Both stride parameters are from the start of one element to the start of the next element. The destination stride must be at least as large as BYTES_PER_ELMT or else the behavior of the transfer is undefined. Also, the ALIGNMENT parameter must apply to be the source and destination locations of every element. This implies that both src_stride and dst_stride must be divisible by the ALIGNMENT parameter.
The CudaDMAStrided pattern can be instantiated by a variety of constructors that allow different parameters to be passed as compile-time constants via template parameters. In addition, there are are special constructors for the common case where the destination stride is equal to size of the elements. Models for each of the different constructors for the CudaDMAStrided pattern can be seen below.

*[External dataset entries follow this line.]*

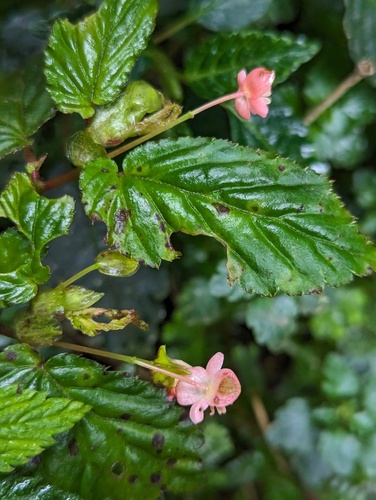 Begonia urticae, photograph 1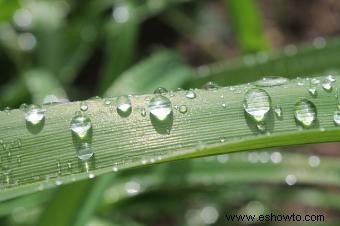 6 hábitos de jardinería que probablemente estés haciendo mal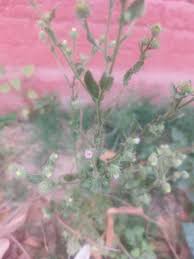 Image result for Laggera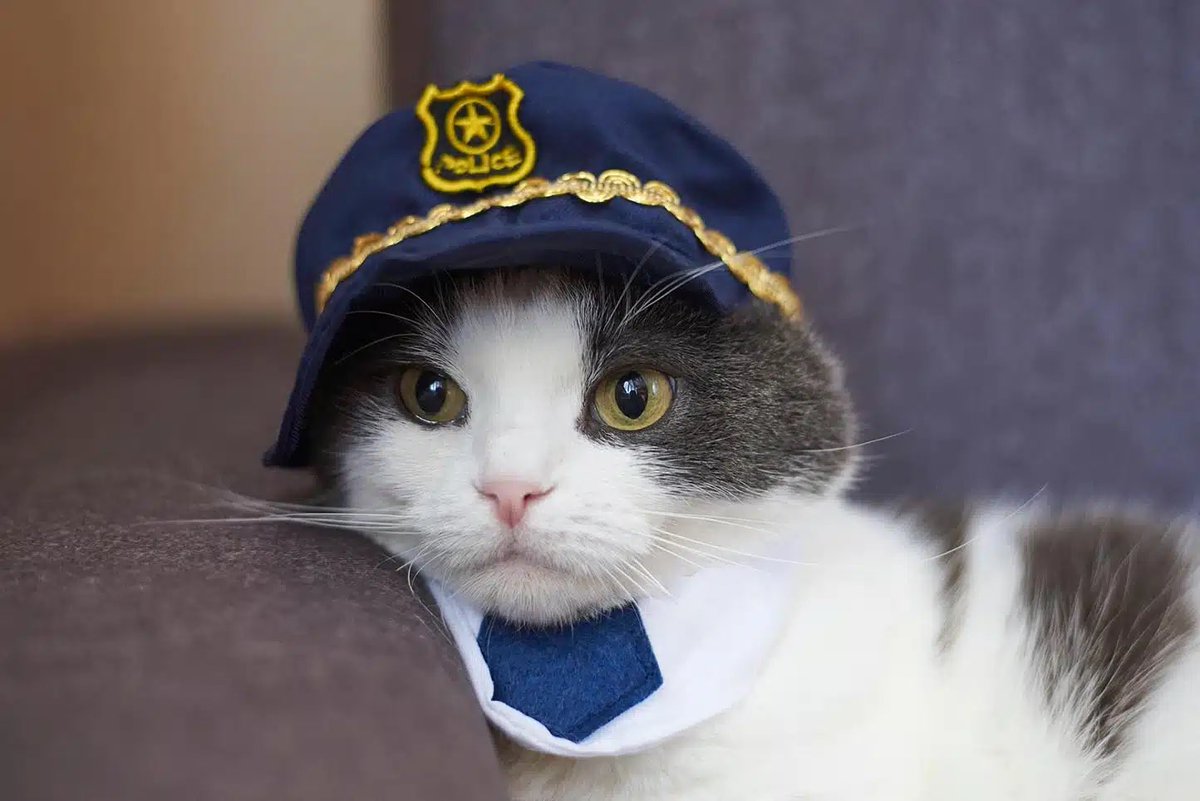 $COPCAT tweet media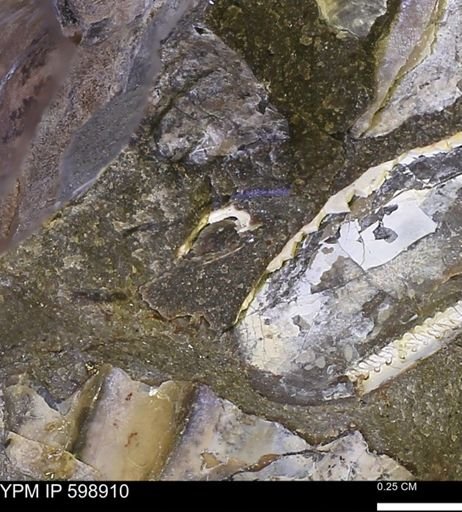 Hoploscaphites sp.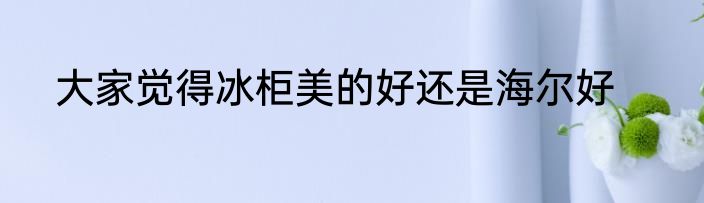 大家觉得冰柜美的好还是海尔好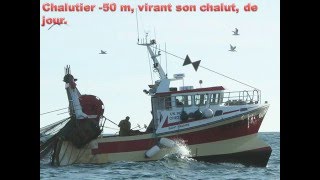 CHALUTIER EN PECHE 50 VIRANT SON CHALUT [upl. by Gilly]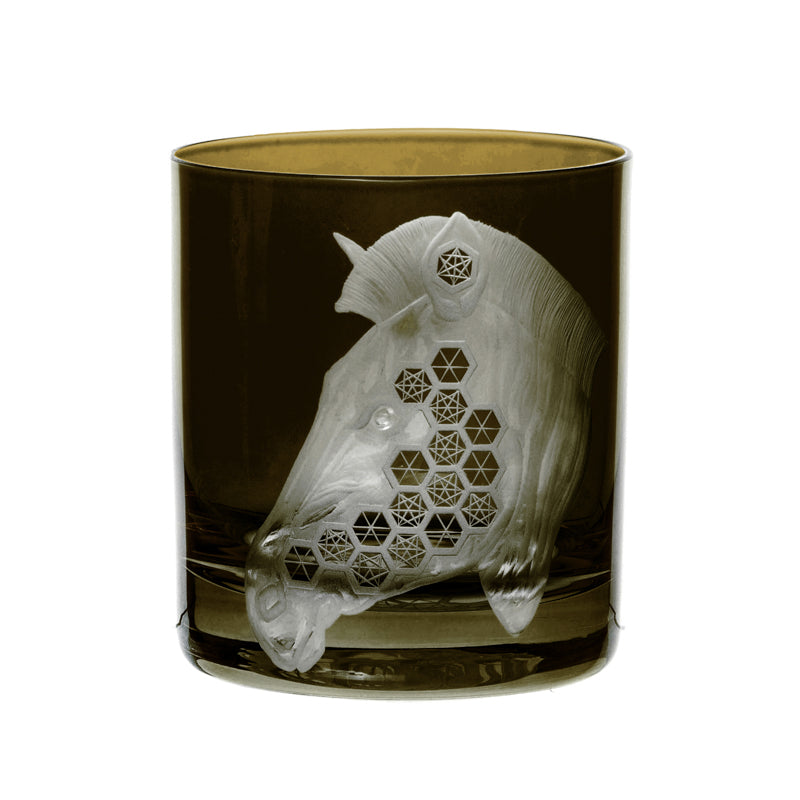 African Safari Zebra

/* Constructors for use with warp specialization */
cudaDMAStrided<true/*specialized warps*/, ALIGNMENT,
BYTES_PER_ELMT, DMA_THREADS, NUM_ELMTS>
(dmaID, num_compute_threads, dma_threadIdx_start,
src_stride, dst_stride);
cudaDMAStrided<true, ALIGNMENT, BYTES_PER_ELMT,
DMA_THREADS, NUM_ELMTS>
(dmaID, num_compute_threads, dma_threadIdx_start,
src_stride); // dst_stride == BYTES_PER_ELMT
cudaDMAStrided<true, ALIGNMENT, BYTES_PER_ELMT, DMA_THREADS>
(dmaID, num_compute_threads, dma_threadIdx_start,
num_elmts, src_stride, dst_stride);
cudaDMAStrided<true, ALIGNMENT, BYTES_PER_ELMT, DMA_THREADS>
(dmaID, num_compute_threads, dma_threadIdx_start,
num_elmts, src_stride); // dst_stride == BYTES_PER_ELMT
cudaDMAStrided<true, ALIGNMENT, BYTES_PER_ELMT>
(dmaID, num_dma_threads, num_compute_threads, dma_threadIdx_start,
num_elmts, src_stride, dst_stride);
cudaDMAStrided<true, ALIGNMENT, BYTES_PER_ELMT>
(dmaID, num_dma_threads, num_compute_threads, dma_threadIdx_start,
num_elmts, src_stride); // dst_stride == BYTES_PER_ELMT
cudaDMAStrided<true, ALIGNMENT>
(dmaID, num_dma_threads, num_compute_threads, dma_threadIdx_start,
bytes_per_elmt, num_elmts, src_stride, dst_stride);
cudaDMAStrided<true, ALIGNMENT>
(dmaID, num_dma_threads, num_compute_threads, dma_threadIdx_start,
bytes_per_elmt, num_elmts,
src_stride); // dst_stride == BYTES_PER_ELMT
/* Constructors for use without warp specialization */
cudaDMAStrided<false/*not specialized*/, ALIGNMENT,
BYTES_PER_ELMT, TOTAL_THREADS, NUM_ELMTS>
(src_stride, dst_stride);
cudaDMAStrided<false, ALIGNMENT, BYTES_PER_ELMT,
TOTAL_THREADS, NUM_ELMTS>
(src_stride); // dst_stride == BYTES_PER_ELMT
cudaDMAStrided<false, ALIGNMENT, BYTES_PER_ELMT, TOTAL_THREADS>
(num_elmts, src_stride, dst_stride);
cudaDMAStrided<false, ALIGNMENT, BYTES_PER_ELMT, TOTAL_THREADS>
(num_elmts, src_stride); // dst_stride == BYTES_PER_ELMT
cudaDMAStrided<false, ALIGNMENT, BYTES_PER_ELMT>
(num_elmts, src_stride, dst_stride);
cudaDMAStrided<false, ALIGNMENT, BYTES_PER_ELMT>
(num_elmts, src_stride); // dst_stride == BYTES_PER_ELMT
cudaDMAStrided<false, ALIGNMENT>
(bytes_per_elmt, num_elmts, src_stride, dst_stride);
cudaDMAStrided<false, ALIGNMENT>
(bytes_per_elmt, num_elmts,
src_stride); // dst_stride == BYTES_PER_ELMT
Each constructor takes the base set of CudaDMA object arguments required by the CudaDMA API. In addition, each constructor takes the set of arguments required to fully characterize the CudaDMAStrided transfer pattern.
For the non-warp-specialized constructors, the total threads parameter describes the total number of threads to be used to perform the transfer. In the cases where total threads is not supplied as a compile-time constant, the number of threads defaults to blockDim.x. This is only true for the non-warp-specialized case.
The highest possible performance for CudaDMAStrided pattern will be achieved when as many arguments as possible are specified as compile-time constants. It's important to note that the number of DMA threads is more important as a compile-time constant than the number of elements to be transferred. Higher performance can also be achieved by ensuring larger alignment of the elements. 16-byte alignment will perform better than 8-byte alignment, and 8-byte alignment will perform better than 4-byte alignment.